For the listing that follows, give again exactly the lines from the one with "Experience the excitement" to the one with "Homongi Seidencrepe Kimono", including both.
[[ INPUT, beginning ]]
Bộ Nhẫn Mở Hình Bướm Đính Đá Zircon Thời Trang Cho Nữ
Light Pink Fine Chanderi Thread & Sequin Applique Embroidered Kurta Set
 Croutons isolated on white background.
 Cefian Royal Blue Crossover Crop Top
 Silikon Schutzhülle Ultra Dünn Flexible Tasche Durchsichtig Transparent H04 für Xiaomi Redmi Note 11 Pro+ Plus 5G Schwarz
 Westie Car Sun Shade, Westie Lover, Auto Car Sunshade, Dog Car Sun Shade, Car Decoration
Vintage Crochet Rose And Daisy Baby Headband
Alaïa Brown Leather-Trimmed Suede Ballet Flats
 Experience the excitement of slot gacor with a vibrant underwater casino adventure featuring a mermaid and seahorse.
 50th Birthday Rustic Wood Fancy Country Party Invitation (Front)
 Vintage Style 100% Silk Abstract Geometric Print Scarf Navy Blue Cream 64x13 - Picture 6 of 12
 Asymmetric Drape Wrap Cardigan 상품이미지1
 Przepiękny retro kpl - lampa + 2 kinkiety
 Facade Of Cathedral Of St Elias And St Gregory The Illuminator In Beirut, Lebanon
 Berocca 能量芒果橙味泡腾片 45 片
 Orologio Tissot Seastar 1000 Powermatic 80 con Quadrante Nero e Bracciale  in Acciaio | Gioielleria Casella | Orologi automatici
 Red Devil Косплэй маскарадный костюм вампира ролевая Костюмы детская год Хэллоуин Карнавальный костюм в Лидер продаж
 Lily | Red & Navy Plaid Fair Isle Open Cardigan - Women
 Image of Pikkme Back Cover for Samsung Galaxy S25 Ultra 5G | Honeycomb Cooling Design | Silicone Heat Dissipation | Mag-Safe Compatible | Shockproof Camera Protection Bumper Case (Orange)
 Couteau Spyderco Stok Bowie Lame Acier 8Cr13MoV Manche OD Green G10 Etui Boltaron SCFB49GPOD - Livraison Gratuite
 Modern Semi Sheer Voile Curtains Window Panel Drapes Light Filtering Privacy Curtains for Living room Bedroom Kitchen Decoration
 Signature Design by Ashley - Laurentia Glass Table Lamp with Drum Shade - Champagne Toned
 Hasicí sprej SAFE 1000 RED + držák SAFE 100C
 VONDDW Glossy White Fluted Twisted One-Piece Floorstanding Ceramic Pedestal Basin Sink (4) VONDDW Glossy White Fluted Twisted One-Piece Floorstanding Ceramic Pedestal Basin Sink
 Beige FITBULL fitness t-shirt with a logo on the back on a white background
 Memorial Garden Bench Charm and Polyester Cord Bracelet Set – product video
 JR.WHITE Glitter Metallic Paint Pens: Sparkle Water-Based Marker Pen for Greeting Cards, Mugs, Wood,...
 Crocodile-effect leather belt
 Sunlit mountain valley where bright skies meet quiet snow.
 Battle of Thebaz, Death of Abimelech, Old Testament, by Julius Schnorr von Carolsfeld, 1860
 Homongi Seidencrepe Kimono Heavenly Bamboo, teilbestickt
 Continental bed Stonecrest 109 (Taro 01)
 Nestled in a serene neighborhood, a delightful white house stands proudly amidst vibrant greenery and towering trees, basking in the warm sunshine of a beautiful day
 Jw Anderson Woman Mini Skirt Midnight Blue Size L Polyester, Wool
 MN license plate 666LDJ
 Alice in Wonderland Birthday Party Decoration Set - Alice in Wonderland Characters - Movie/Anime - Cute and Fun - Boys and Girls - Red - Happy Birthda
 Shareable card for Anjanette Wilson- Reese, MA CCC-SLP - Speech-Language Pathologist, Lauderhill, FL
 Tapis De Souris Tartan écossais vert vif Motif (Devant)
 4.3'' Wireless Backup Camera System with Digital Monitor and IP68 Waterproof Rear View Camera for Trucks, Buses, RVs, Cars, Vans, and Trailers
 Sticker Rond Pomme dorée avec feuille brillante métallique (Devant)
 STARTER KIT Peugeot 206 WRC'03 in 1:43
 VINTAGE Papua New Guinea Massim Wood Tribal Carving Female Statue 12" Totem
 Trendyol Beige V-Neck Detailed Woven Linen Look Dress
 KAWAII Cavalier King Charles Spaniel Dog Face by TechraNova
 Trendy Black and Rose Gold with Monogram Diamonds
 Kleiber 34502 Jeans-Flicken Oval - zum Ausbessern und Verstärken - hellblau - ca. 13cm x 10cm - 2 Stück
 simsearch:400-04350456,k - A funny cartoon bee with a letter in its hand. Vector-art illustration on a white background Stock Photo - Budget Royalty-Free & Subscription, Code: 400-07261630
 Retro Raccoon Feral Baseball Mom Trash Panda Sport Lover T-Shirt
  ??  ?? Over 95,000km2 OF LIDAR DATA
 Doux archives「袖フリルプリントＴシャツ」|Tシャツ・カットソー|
[[ INPUT, end ]]
◆ RESPONSE TO THIS EXERCISE:
 Experience the excitement of slot gacor with a vibrant underwater casino adventure featuring a mermaid and seahorse.
 50th Birthday Rustic Wood Fancy Country Party Invitation (Front)
 Vintage Style 100% Silk Abstract Geometric Print Scarf Navy Blue Cream 64x13 - Picture 6 of 12
 Asymmetric Drape Wrap Cardigan 상품이미지1
 Przepiękny retro kpl - lampa + 2 kinkiety
 Facade Of Cathedral Of St Elias And St Gregory The Illuminator In Beirut, Lebanon
 Berocca 能量芒果橙味泡腾片 45 片
 Orologio Tissot Seastar 1000 Powermatic 80 con Quadrante Nero e Bracciale  in Acciaio | Gioielleria Casella | Orologi automatici
 Red Devil Косплэй маскарадный костюм вампира ролевая Костюмы детская год Хэллоуин Карнавальный костюм в Лидер продаж
 Lily | Red & Navy Plaid Fair Isle Open Cardigan - Women
 Image of Pikkme Back Cover for Samsung Galaxy S25 Ultra 5G | Honeycomb Cooling Design | Silicone Heat Dissipation | Mag-Safe Compatible | Shockproof Camera Protection Bumper Case (Orange)
 Couteau Spyderco Stok Bowie Lame Acier 8Cr13MoV Manche OD Green G10 Etui Boltaron SCFB49GPOD - Livraison Gratuite
 Modern Semi Sheer Voile Curtains Window Panel Drapes Light Filtering Privacy Curtains for Living room Bedroom Kitchen Decoration
 Signature Design by Ashley - Laurentia Glass Table Lamp with Drum Shade - Champagne Toned
 Hasicí sprej SAFE 1000 RED + držák SAFE 100C
 VONDDW Glossy White Fluted Twisted One-Piece Floorstanding Ceramic Pedestal Basin Sink (4) VONDDW Glossy White Fluted Twisted One-Piece Floorstanding Ceramic Pedestal Basin Sink
 Beige FITBULL fitness t-shirt with a logo on the back on a white background
 Memorial Garden Bench Charm and Polyester Cord Bracelet Set – product video
 JR.WHITE Glitter Metallic Paint Pens: Sparkle Water-Based Marker Pen for Greeting Cards, Mugs, Wood,...
 Crocodile-effect leather belt
 Sunlit mountain valley where bright skies meet quiet snow.
 Battle of Thebaz, Death of Abimelech, Old Testament, by Julius Schnorr von Carolsfeld, 1860
 Homongi Seidencrepe Kimono Heavenly Bamboo, teilbestickt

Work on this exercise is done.